Airbus has hiked this year’s full-year delivery forecast by 10% compared with its performance last year, and by 6% on its original 2025 target.

The airframer is looking to deliver 870 commercial aircraft over the course of 2026, having managed 793 last year – short of its planned output of 820.

While Airbus has been dealing with supply-chain pressures, it attributed last year’s shortfall largely to a quality issue on A320neo-family fuselage panels which emerged towards the end of the year.

Speaking during a full-year briefing on 19 February, chief executive Guillaume Faury said the panel issue was a ”significant event” that “put pressure on our abilltiy to deliver in an already [backloaded] year”.

He says Airbus expects the residual operational impact of the panel issue to be “contained and spread mainly over the first half of [this] year”.

A350-c-Airbus

Source: Airbus

Deliveries in 2025 included 57 A350s

Faury points out that, despite the delivery impact, the airframer turned in a strong financial performance after it “successfully navigated a complex and dynamic operating environment”.
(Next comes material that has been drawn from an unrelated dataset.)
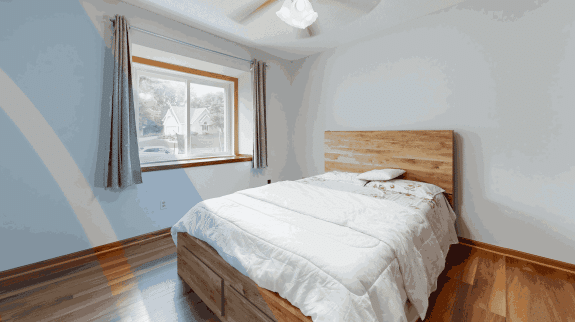 Minimalist bedroom with wooden bed frame, white bedding, hardwood floors, gray curtains, and a sunlit window creating a bright modern interior.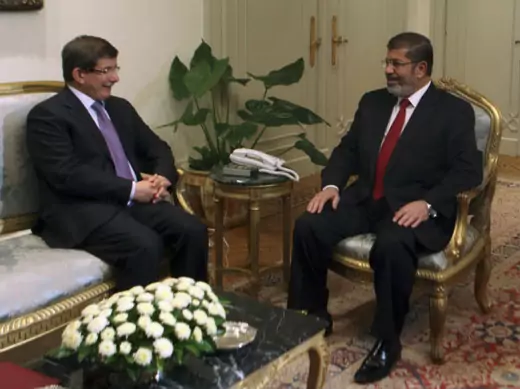 Egypt's President Mohamed Mursi attends a meeting with Turkish Foreign Minister Davotoglu at the presidential palace in Cairo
Higher deliveries, along with growth in services, lifted commercial aircraft revenues by 4% to €52.6 billion ($62 billion).

Airbus handed over 57 A350s and 36 A330s last year, along with 607 A320neo-family jets and 92 A220s.

The airframer’s adjusted earnings for the commercial aircraft sector rose by 7.4% to €5.47 billion – an improvement driven not only by the delivery numbers but also favourable hedge rates and lower research and development expenditure. Tariffs “partly offset” the earnings figure, it adds.

Airbus’s backlog last year reached 8,754 aircraft, a record level, as it took net orders for 889 jets.